## Data to process
┄┄┄┄┄┄┄┄┄┄┄┄┄┄┄┄┄┄┄┄

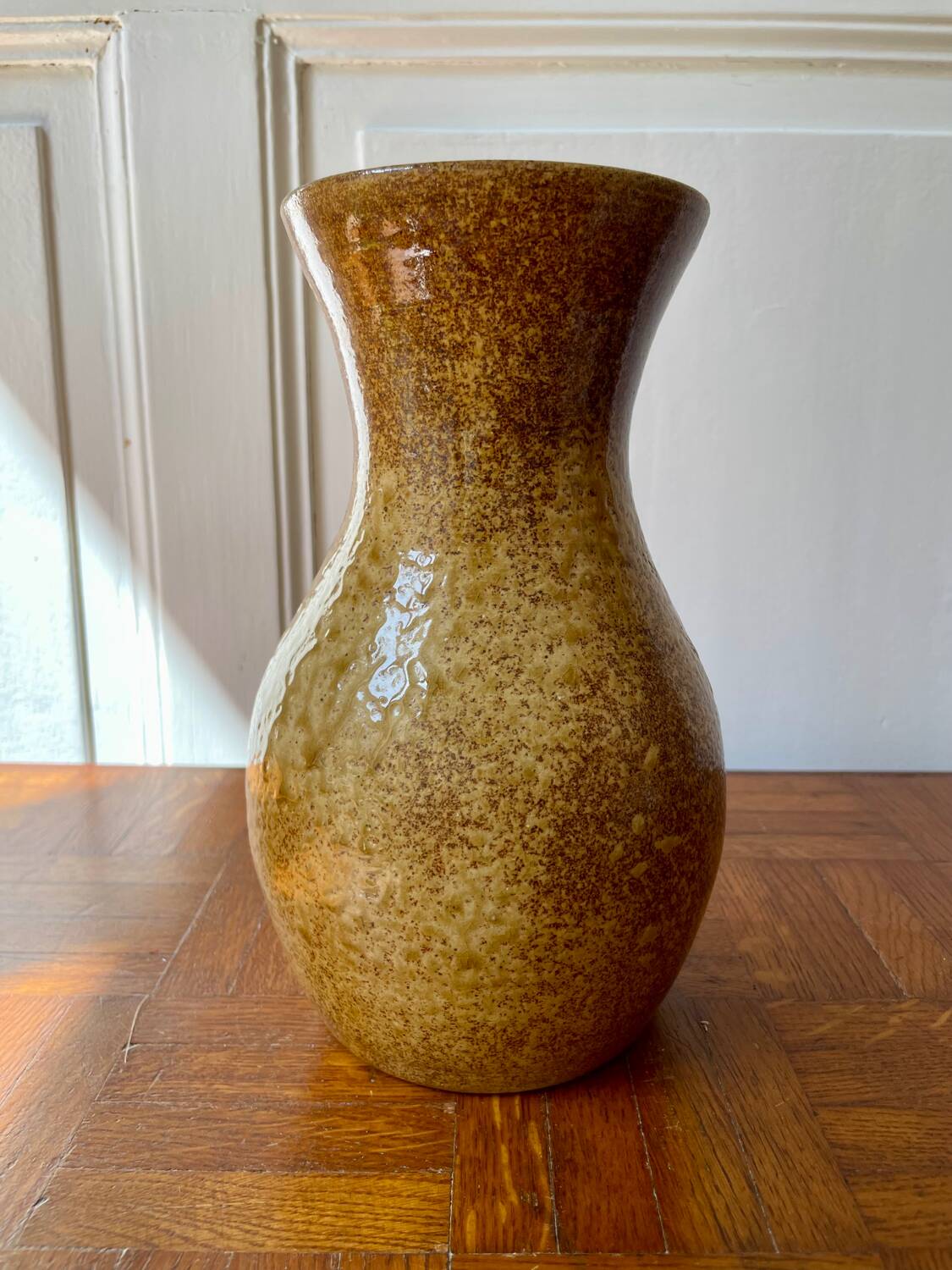 Glazed stoneware vase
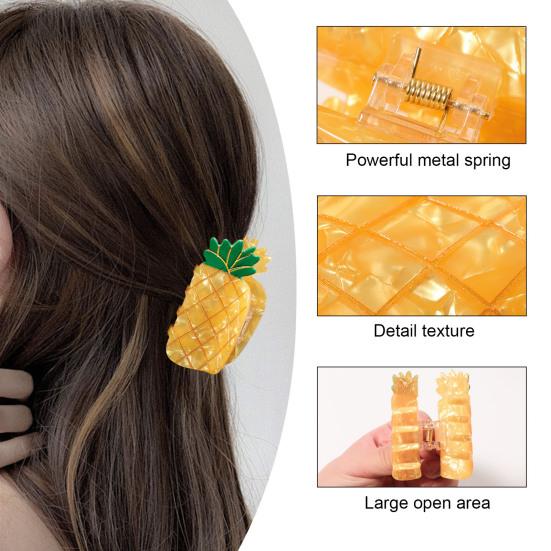 Hair Claw Fruit Design Back Head Shower Clip Medium Size Shark Hair Claw Non-slip Versatile Hair Accessory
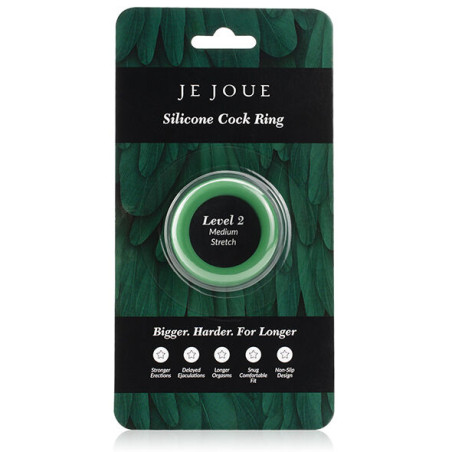 JE JOUE ANILLO SILICONA VERDE ESTRANGULAMIENTO MEDIO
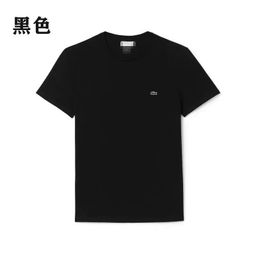 thumbnail for Cross-Border Summer New Style Small Fish Embroidery Men's Pure Cotton T-Shirt Round Neck Short-Sleeved T-Shirt Foreign Trade Casual Short-Sleeved T-Shirt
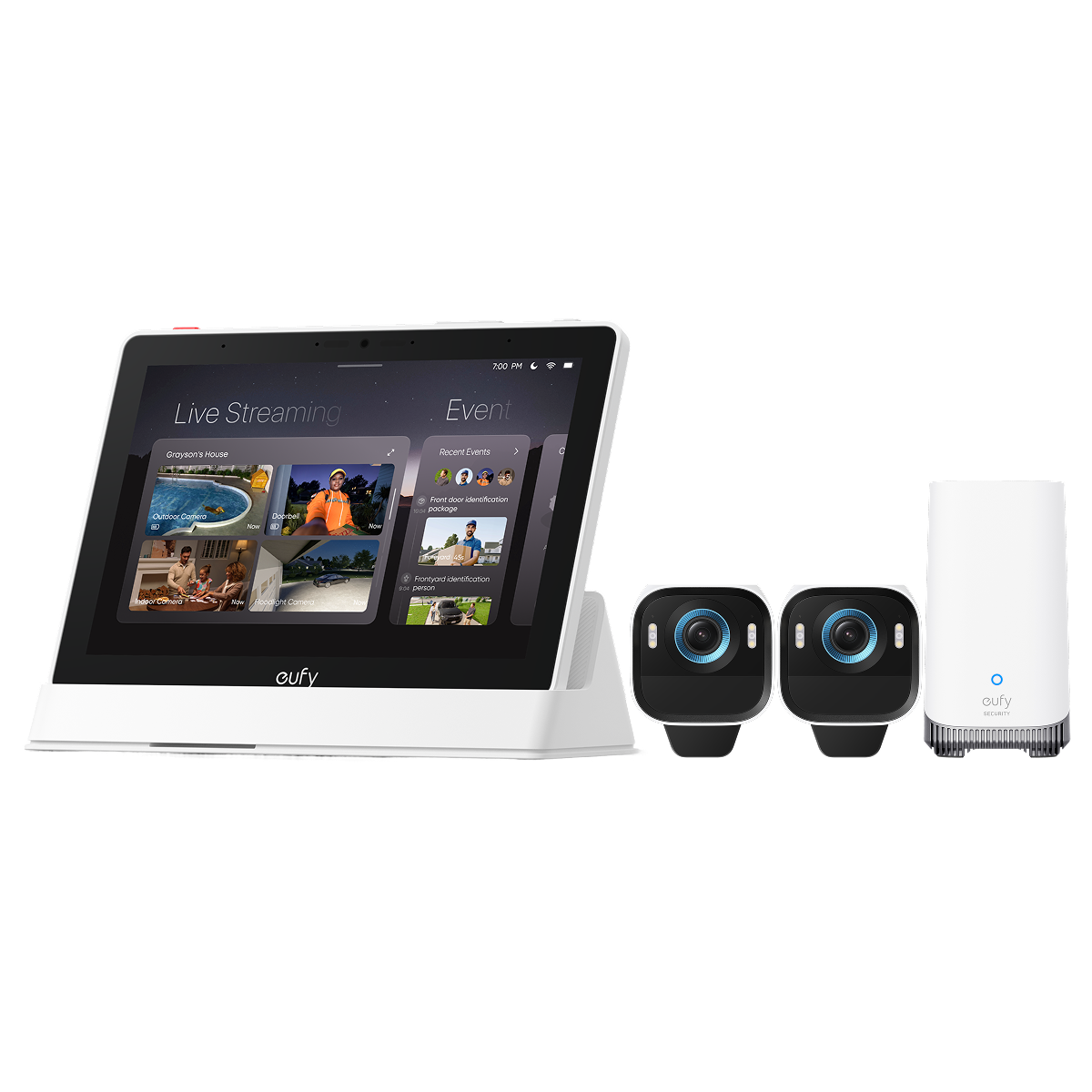 Anker eufy Smart Display und eufyCam S3 Pro 2-Kamera-Set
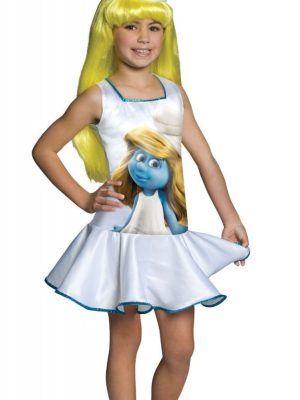 Fantasia Smurfete Infantil Luxo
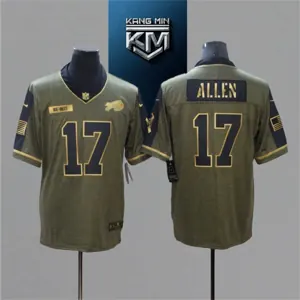 2021 New Tribute Gold Edition NFL Jersey 5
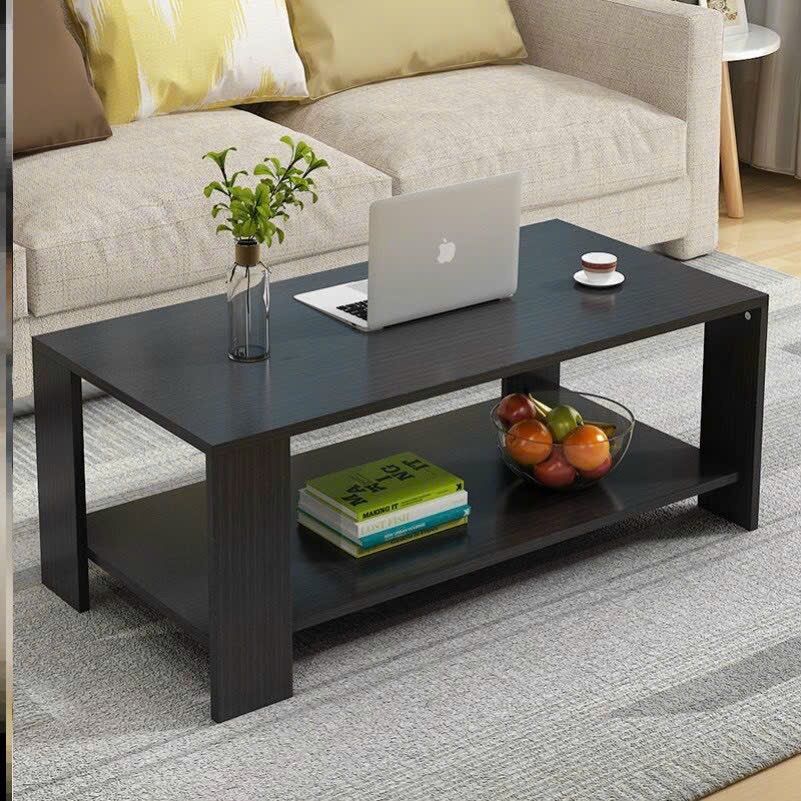 Bàn sofa gỗ 2 tầng phòng khách - bàn uống trà giải trí tiện lợi phong cách trẻ trung hiện đại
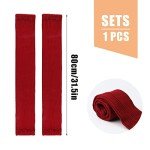 Dark Red Extra Long Thigh High Leg Warmers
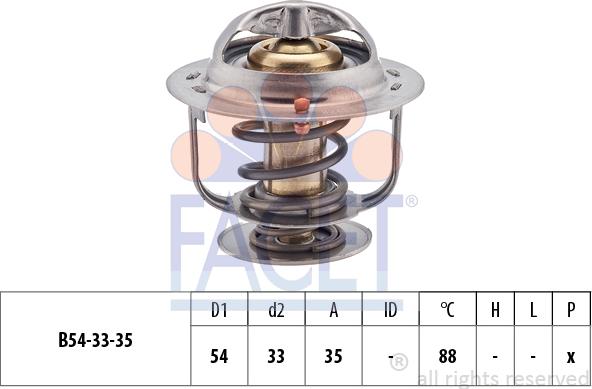 FACET 7.8248S - Termostato, Refrigerante autozon.pro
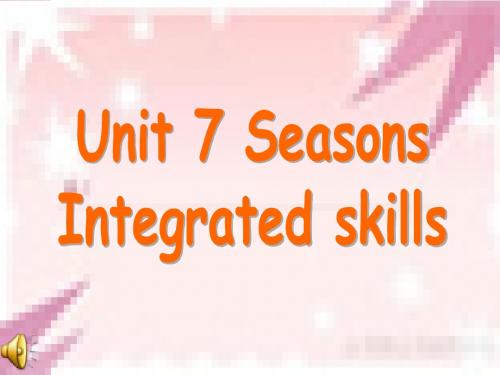 八年级英语牛津译林版上课件：unit7 Integrated skills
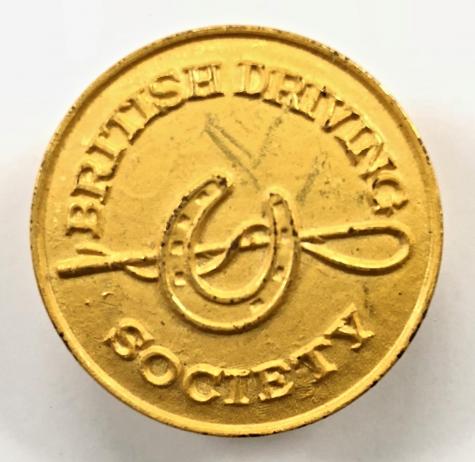 British Driving Society horse and carriage driving membership badge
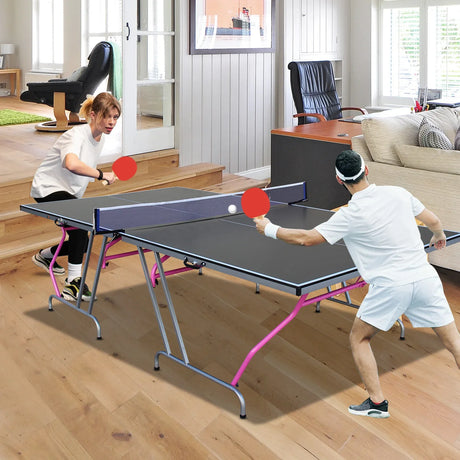 Foldable Portable 8x4 Ft Indoor Outdoor Table Tennis Table - Omega Lifestyles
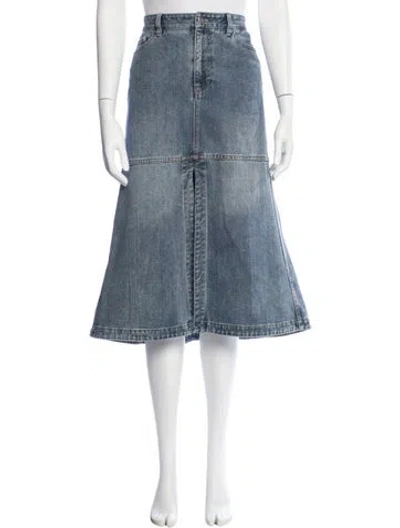 Pre-owned Tibi Midi Length Skirt In Blue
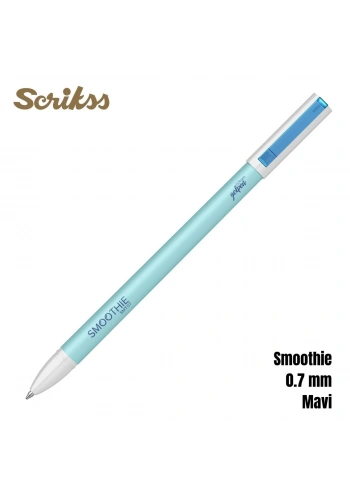 Scrikss Smoothie Jel Kalem 0.7mm Mavi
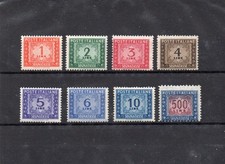 ITALIA**  1947 SEGNATASSE 8 VALORI   fil. RUOTA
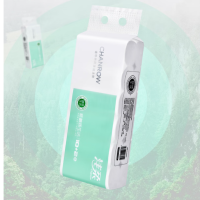 浅柔12卷白色卫生纸卷纸无芯卷筒纸5层加厚QJ3052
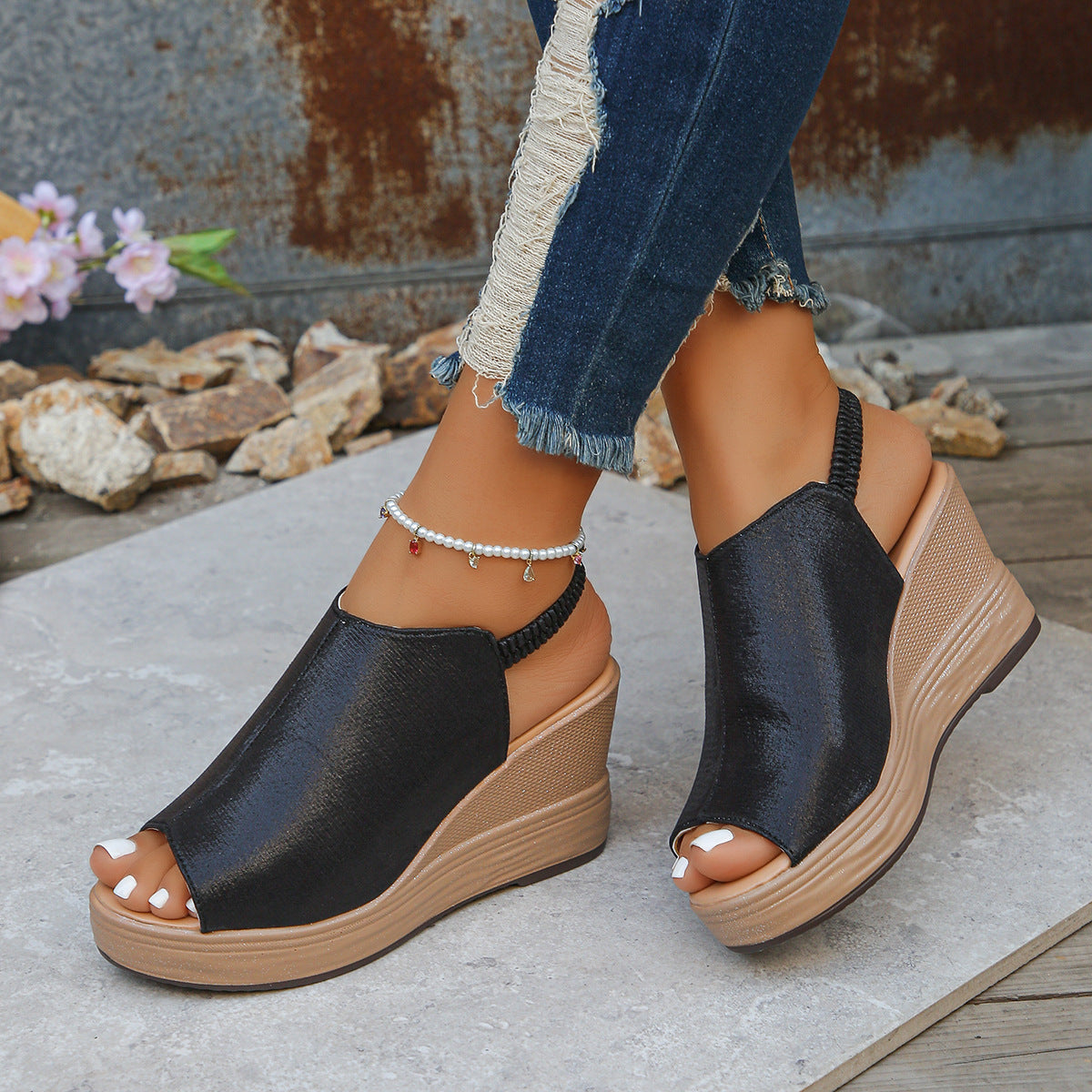 Damen Keil-Sandalen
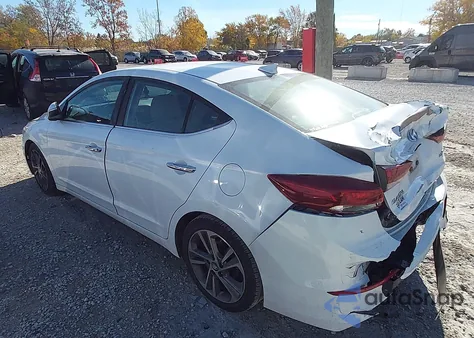 2017 Hyundai Elantra Limited from USA, damaged, VIN 5NPD84LF8HH052508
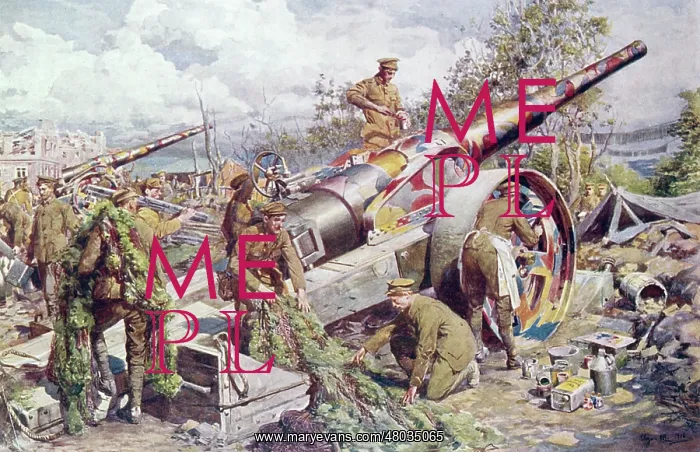 : British gunners, Battle of the Somme, WW1 : British gunners, Battle of the Somme, WW1
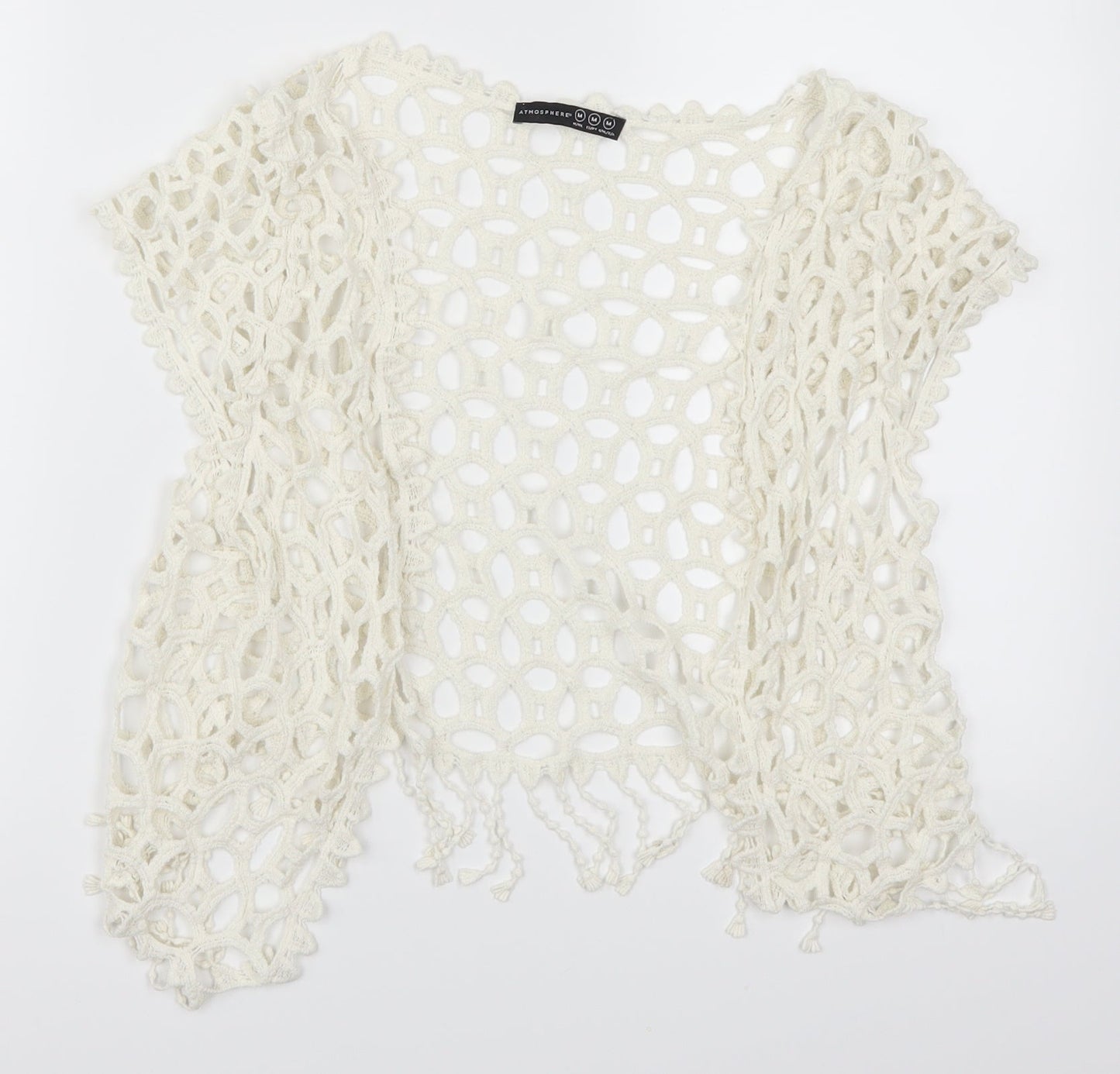 Atmosphere Womens White   Cardigan Jumper Size M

┄┄┄┄┄┄┄┄┄┄┄┄┄┄┄┄┄┄┄┄

## What is being asked
Reproduce the material above exactly, first line through the line that contains "Bàn sofa gỗ", minus the pictures.

## Your solution
 Glazed stoneware vase
 Hair Claw Fruit Design Back Head Shower Clip Medium Size Shark Hair Claw Non-slip Versatile Hair Accessory
 JE JOUE ANILLO SILICONA VERDE ESTRANGULAMIENTO MEDIO
 thumbnail for Cross-Border Summer New Style Small Fish Embroidery Men's Pure Cotton T-Shirt Round Neck Short-Sleeved T-Shirt Foreign Trade Casual Short-Sleeved T-Shirt
 Anker eufy Smart Display und eufyCam S3 Pro 2-Kamera-Set
 Fantasia Smurfete Infantil Luxo
 2021 New Tribute Gold Edition NFL Jersey 5
 Bàn sofa gỗ 2 tầng phòng khách - bàn uống trà giải trí tiện lợi phong cách trẻ trung hiện đại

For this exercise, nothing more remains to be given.